菊地さんが小さかったころの南部鉄器業界は、往時ほどの勢いはなかったもののまだ安定した生産量があり、祖父や父、叔父とともに働く職人たちにかわいがられて育った。自ずと工芸や美術への関心が深まり、美大への進学を希望するようになった。

スワローポットを前に、これまでの経緯を説明する菊池さん
スワローポットを前に、これまでの歩みを語る菊地さん(写真:筆者撮影)

しかし、高度経済成長を経て、大量生産・大量消費の浸透とともに工芸は衰退し始める。南部鉄器も例外ではなく、バブル期以降は2000年代後半まで生産量の縮小が続いた。

菊地さんが多感な少年時代には「及富」の経営も厳しい時期が続き、職人の退職が相次ぎ、工房の雰囲気もかつてのような明るいものではなくなっていた。

家業の厳しい実情を目の当たりにした菊地さんは美大進学を断念し、高卒で働き始めた。

そこから自分探しを続けた菊地さんの最初の転機は、岩手県沿岸部でも甚大な被害を出した2011年の東日本大震災。
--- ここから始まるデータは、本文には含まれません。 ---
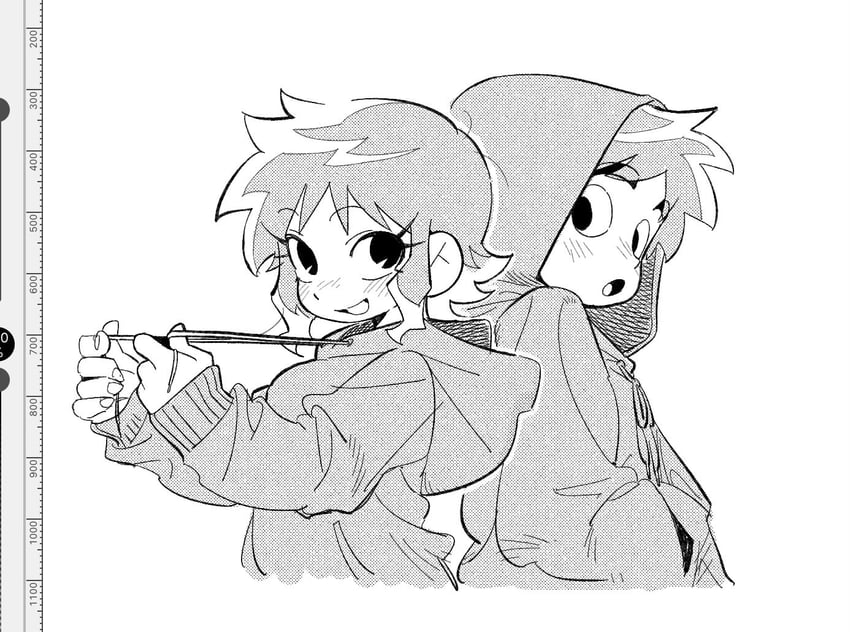 scott pilgrim and ramona flowers (scott pilgrim and 1 more) drawn by bac0n_pancakes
当時、働かずにひきこもり生活をしていたが、未曽有の事態を前に「立ち上がるしかない」と奮起し、定職を探し始めた。

その後、ひきこもり時代からの数少ない知人だった女性と結婚し、第1子が誕生。

「子どもが生まれたことで、代々受け継いできた仕事を次の世代に引き継いでいくことの大切さが身に沁みた」という菊地さんは、それまでは折り合いが良くなかったという父・章さんに頭を下げて工房に入った。

「爆買い」ブームで中国で人気

ちょうどそのころ、岩手県が2010年の上海万博に向けて力を入れていた南部鉄器の対中輸出戦略が功を奏し、最高級プーアル茶で有名な上海大河堂との連携によって、中国の富裕層に鉄瓶が浸透。

さらに「爆買い」と揶揄されたほどだった訪日中国人観光客の購買意欲が高まる中で、南部鉄器が広く知られるようになり、人気土産品の地位を確立。